U.S. Maritime Administrator David Matsuda, World Shipping Council President Chris Koch and American Maritime Partnership (AMP) Counsel Mark Ruge separately discussed some of the key issues facing maritime, including preservation of the Jones Act, efficiently complying with new environmental regulations, fighting back against piracy and promoting greater use of the nation’s waterways. Educating members of Congress about the industry is central to many if not all of those efforts, they said.


Matsuda is in charge of the Department of Transportation (DOT) agency whose mission is helping promote and maintain a viable U.S. Merchant Marine. The first speaker at the two-day board meeting, he thanked the MTD for “championing the industry.”


He also said both the DOT and Maritime Administration are regularly seeking input from all segments of the industry, definitely including maritime labor.


“This department, from the secretary on down, believes that the best public policy comes when we have the most seats at the table,” he stated. “That’s why we’re rolling up our sleeves and listening to you in (an ongoing series of) face-to-face meetings.” Matsuda reiterated President Obama’s support for the industry. He said the administration recognizes in particular the value of U.S. seafarers.


“We know that educated and trained merchant mariners are a fundamental resource for seagoing and shore-side occupations and are indispensible to our national defense,” he declared.

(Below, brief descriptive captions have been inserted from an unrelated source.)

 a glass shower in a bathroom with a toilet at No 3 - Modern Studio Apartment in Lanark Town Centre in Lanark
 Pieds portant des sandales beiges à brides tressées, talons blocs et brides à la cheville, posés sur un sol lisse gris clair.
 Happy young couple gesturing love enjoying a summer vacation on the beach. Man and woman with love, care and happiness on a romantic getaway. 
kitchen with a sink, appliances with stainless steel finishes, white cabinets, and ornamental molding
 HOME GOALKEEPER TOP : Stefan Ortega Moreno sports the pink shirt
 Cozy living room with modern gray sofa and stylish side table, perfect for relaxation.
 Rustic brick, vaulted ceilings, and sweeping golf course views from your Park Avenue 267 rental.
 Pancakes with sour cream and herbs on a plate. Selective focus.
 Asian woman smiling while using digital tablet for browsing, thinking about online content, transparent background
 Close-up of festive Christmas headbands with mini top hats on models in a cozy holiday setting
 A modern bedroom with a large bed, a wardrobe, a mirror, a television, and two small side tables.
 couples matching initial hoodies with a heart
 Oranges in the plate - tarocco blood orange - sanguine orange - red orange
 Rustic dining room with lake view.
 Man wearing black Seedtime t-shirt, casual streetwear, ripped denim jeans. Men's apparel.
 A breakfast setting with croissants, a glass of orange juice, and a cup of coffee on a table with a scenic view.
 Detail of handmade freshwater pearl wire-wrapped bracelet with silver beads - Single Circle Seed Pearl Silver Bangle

Additionally, Matsuda touched on current efforts to combat piracy, the need to replace aging U.S.-flag tonnage, and recent progress in the long-awaited marine highway program.


“For too long, America has overlooked the economic and environmental benefits of moving domestic goods on the water, but the marine highway program will change that,” he concluded.


Koch presides over an international group whose companies operate approximately 90 percent of the world’s liner ship capacity. He said that in addition to the aforementioned challenges, the rocky economy has taken a toll. Koch described 2009 as “the worst year ever for container shipping. It was a near death experience for many of the carriers. The bottom dropped out.”


However, 2010 “was a year of recovery” and the early returns from 2011 are positive.


He pointed out that one result of the still-challenging times is that ships are “slow steaming,” which drastically reduces fuel consumption. Also, larger ships are being ordered because they’re ultimately cheaper to operate.


Concerning policy, in Washington, it is currently “difficult to get maritime up on the priority list. Frankly, it’s difficult to get transportation up on the priority list in the current environment in Washington, D.C.,” he said.


He discussed competition for funding in various industries and the need for improved, modernized maritime infrastructure.


While crediting organized labor for grassroots political support, Koch said that when looking ahead “the environmental agenda will continue to be one we have to pay a lot attention to. Politically, we know in many port communities there’s a concern about the environmental impact of the shipping industry.”


The industry has put emission controls in effect starting next year, he added.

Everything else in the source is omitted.